> _AIM OF THE TASK_
Skipping all pictures, print exactly the lines below from the one with "2990 Limestone Rd, Alamo" through the final line.

> _THE DATA_

* * * * *

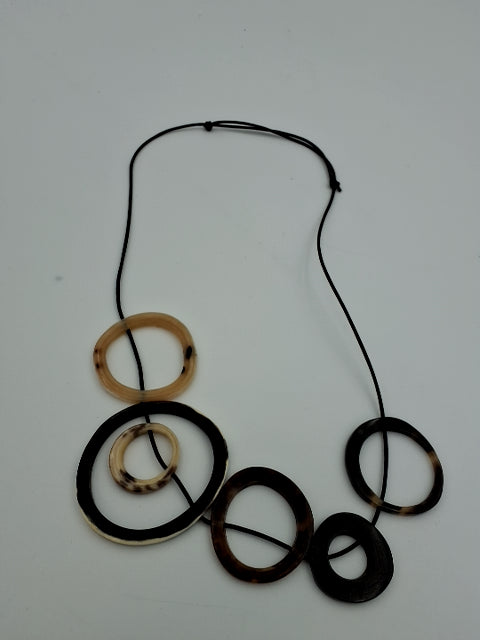 Halskæde, hornvarefabrikken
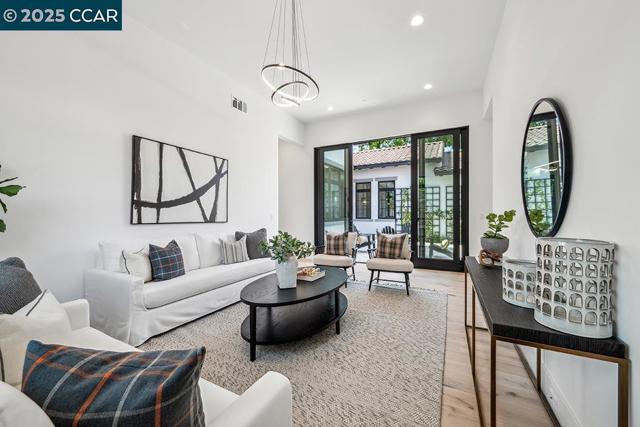 2990 Limestone Rd, Alamo CA: https://media.crmls.org/mediaz/d50c697e-dddf-4e5f-ad99-7981c7da1082.jpg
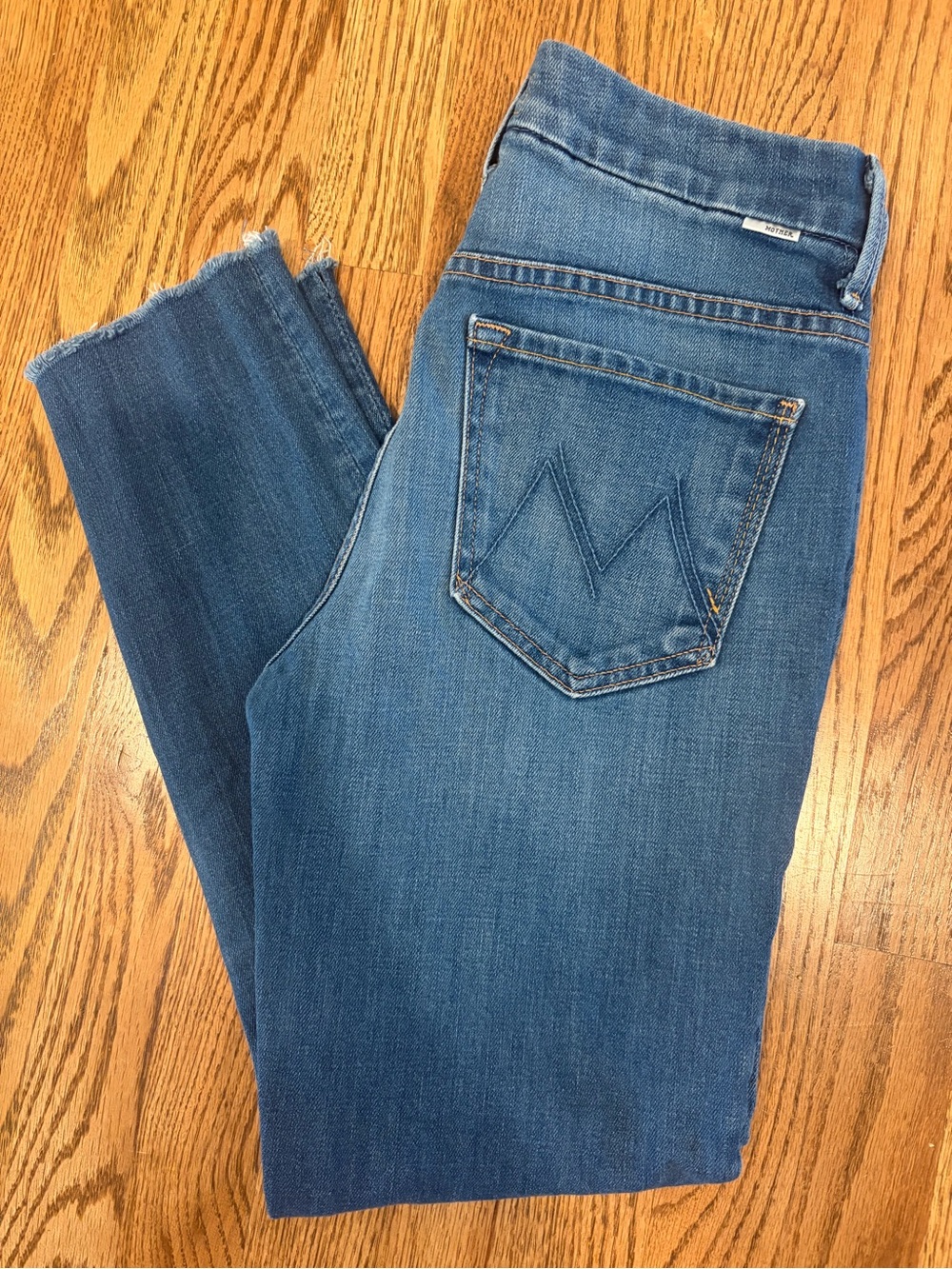 MOTHER Skinny Jeans in Medium Blue Denim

* * * * *

> _WRITTEN ANSWER_
 2990 Limestone Rd, Alamo CA: https://media.crmls.org/mediaz/d50c697e-dddf-4e5f-ad99-7981c7da1082.jpg
 MOTHER Skinny Jeans in Medium Blue Denim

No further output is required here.